SUS reforça preparação para impactos do El Niño em todo o Brasil
1 de setembro de 2026Ministério da Saúde reúne gestores estaduais para elaborar planos de resposta e antecipar riscos à população
O Sistema Único de Saúde (SUS) está reforçando a preparação para os possíveis impactos do fenômeno El Niño sobre a saúde da população brasileira. Nesta terça-feira (1º), o Ministério da Saúde reuniu gestores dos 26 estados e do Distrito Federal para avançar na elaboração dos Planos Estaduais de Enfrentamento ao El Niño.
A iniciativa faz parte de uma estratégia nacional para identificar antecipadamente os principais riscos de cada região e preparar os serviços de saúde para responder a possíveis eventos climáticos extremos. O encontro é o segundo realizado em âmbito nacional neste ano e dá continuidade ao trabalho iniciado em junho, quando estados participaram de reuniões regionais para avaliação de riscos e construção de cenários.
Preparação considera diferenças entre as regiões
O El Niño pode provocar alterações importantes no padrão de chuvas e temperaturas no Brasil. De acordo com o Plano Setorial de Saúde do Ministério da Saúde, o fenômeno tende a elevar temperaturas e reduzir chuvas em áreas do Norte e Nordeste, favorecendo estiagens, incêndios e piora da qualidade do ar. Ao mesmo tempo, pode aumentar a ocorrência de chuvas no Sul e no Sudeste, elevando riscos de enchentes, inundações e deslizamentos.
Por causa dessas diferenças, os planos de enfrentamento serão adaptados às características e vulnerabilidades de cada território.
A preparação também considera que eventos climáticos extremos podem afetar diretamente o funcionamento dos serviços de saúde, além de aumentar a exposição da população a problemas relacionados à qualidade da água, doenças transmitidas por mosquitos, poluição atmosférica e outros agravos.
Monitoramento ajuda a antecipar problemas
O Ministério da Saúde utiliza ferramentas para acompanhar as condições ambientais e os possíveis reflexos sobre a saúde.
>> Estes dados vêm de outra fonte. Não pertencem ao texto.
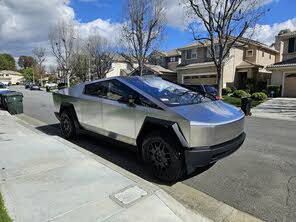 Tesla Cybertruck AWD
Entre elas estão o Painel Nacional de Excesso de Calor, o VigiAR e o GeoRisk.
Também estão sendo implantados Centros de Informação em Saúde e Clima (CISCs) em oito cidades das cinco regiões do país. Essas estruturas integram informações climáticas, epidemiológicas, demográficas e socioeconômicas para identificar áreas mais vulneráveis e apoiar a tomada de decisões.
A estratégia inclui ainda a integração de sistemas de vigilância, como e-SUS Notifica, Sivep-Gripe e Sinan, permitindo identificar mais rapidamente alterações nos indicadores de saúde e possíveis surtos.
Força Nacional do SUS poderá ser acionada
A preparação nacional também prevê o fortalecimento da capacidade de resposta emergencial. A Força Nacional do SUS (FN-SUS) conta com bases regionais capazes de deslocar equipes em até 48 horas, conforme a necessidade identificada.
O Ministério da Saúde também trabalha com a previsão de recursos e kits emergenciais de assistência farmacêutica, além da organização de serviços e protocolos de atendimento de acordo com as características de cada bioma.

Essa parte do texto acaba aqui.